Thread [qtp19097823-1224] (Suspended)
FileDispatcher.read0(FileDescriptor, long, int) line: not available [native method]
SocketDispatcher.read(FileDescriptor, long, int) line: 21
IOUtil.readIntoNativeBuffer(FileDescriptor, ByteBuffer, long, NativeDispatcher, Object) line: 237
IOUtil.read(FileDescriptor, ByteBuffer, long, NativeDispatcher, Object) line: 210
SocketChannelImpl.read(ByteBuffer) line: 236
SelectChannelEndPoint(ChannelEndPoint).fill(Buffer) line: 149
WebSocketConnection.handle() line: 147
SelectChannelEndPoint.run() line: 506
QueuedThreadPool$2.run() line: 436
Thread.run() line: 619
Thread [qtp19097823-1224] (Suspended)
NativeThread.current() line: not available [native method]
SocketChannelImpl.read(ByteBuffer) line: 182
SelectChannelEndPoint(ChannelEndPoint).fill(Buffer) line: 149
WebSocketConnection.handle() line: 147
SelectChannelEndPoint.run() line: 506
QueuedThreadPool$2.run() line: 436
Thread.run() line: 619
thanks.
Another thing that would be useful to know is if the connection is still open or not. Are you able to use lsof or similar to tell if there are websockets open to the server?
I've built a snapshot with some defensive handling of IOExceptions.

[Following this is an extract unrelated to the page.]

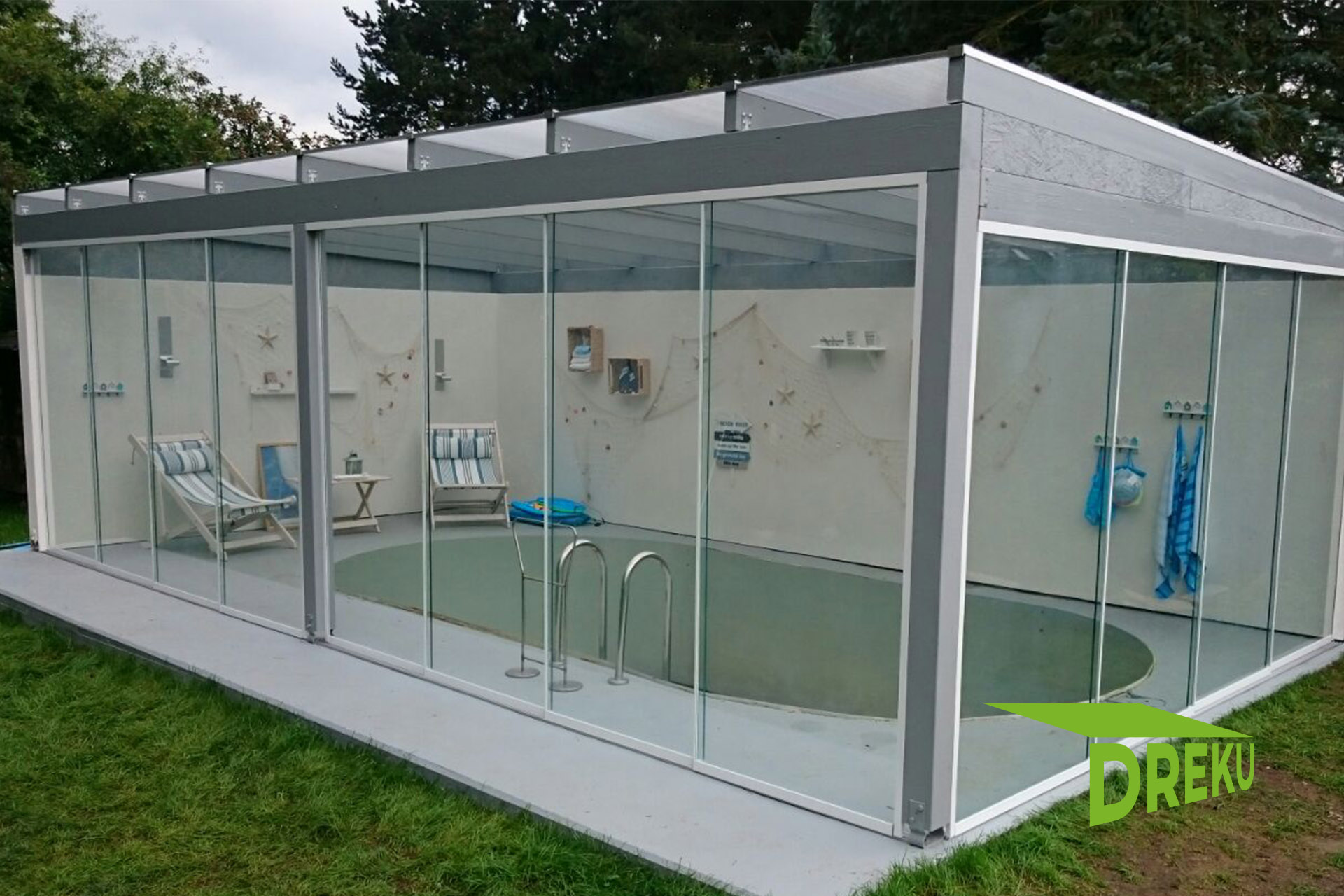 Schwimmbad Überdachung aus Holz mit Glasschiebewand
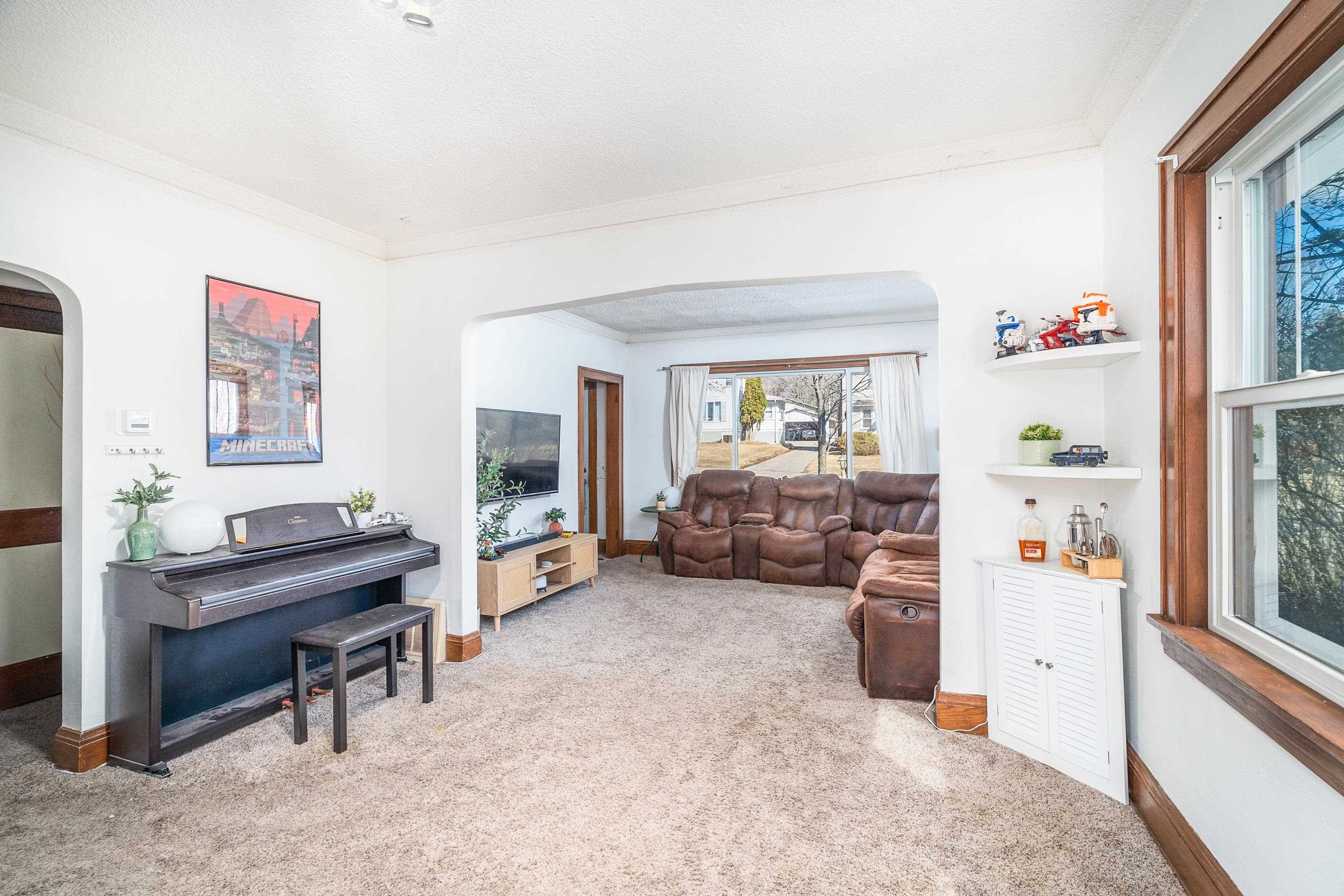 116 West Arrowhead Road Duluth, MN 55803 - Photo 17 of 38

Could you try the latest in: http://oss.sonatype.org/content/repositories/jetty-snapshots/org/eclipse/jetty/jetty-distribution/7.2.0-SNAPSHOT/
My server has several hundred connections open at a time, most of those are http long-polls using continuations, but many of those are websocket connections. (I try to use WebSockets and fall back to long-polling when needed). I don't appear to have lsof on my server. Is there a Solaris lsof equivalent that you know of that I can try?
I'll give this latest snapshot a try and report back. Thanks!
Solaris doesn't come with lsof typically.
I don't have extensive Solaris experience, but I can come up with 2 choices for you.
1) You can install lsof yourself from http://www.sunfreeware.com/
2) You can use the information from the utilities in /usr/proc/bin/* to get the socket details. (pfiles is a good place to start looking. grep for AF_INET on the output)
Greg - I tried the new snapshot you provided (thank you!), but it didn't appear to help. Three threads went into infinite loops pretty much immediately. (It's an 8 core server, and 3 of the cores were spinning away on those threads). I think I have seen these threads do this immediately in the past as well, so I don't think the fact that they died immediately is a change from past behaviour.
They all had stack traces that looked like this:
FileDispatcher.read0(FileDescriptor, long, int) line: not available [native method]
SocketDispatcher.read(FileDescriptor, long, int) line: 21
IOUtil.readIntoNativeBuffer(FileDescriptor, ByteBuffer, long, NativeDispatcher, Object) line: 237
IOUtil.read(FileDescriptor, ByteBuffer, long, NativeDispatcher, Object) line: 210
SocketChannelImpl.read(ByteBuffer) line: 236
SelectChannelEndPoint(ChannelEndPoint).fill(Buffer) line: 149
WebSocketConnection.handle() line: 183
SelectChannelEndPoint.handle() line: 510
SelectChannelEndPoint.access$000(SelectChannelEndPoint) line: 34
SelectChannelEndPoint$1.run() line: 40
QueuedThreadPool$2.run() line: 450
Thread.run() line: 619
I know this is a "sleep" state, but when I ran those threads again they went back to using up 100% CPU. What other info can I provide? Should I try to get lsof working and send you that info? (like I said there are a ton of open connections though).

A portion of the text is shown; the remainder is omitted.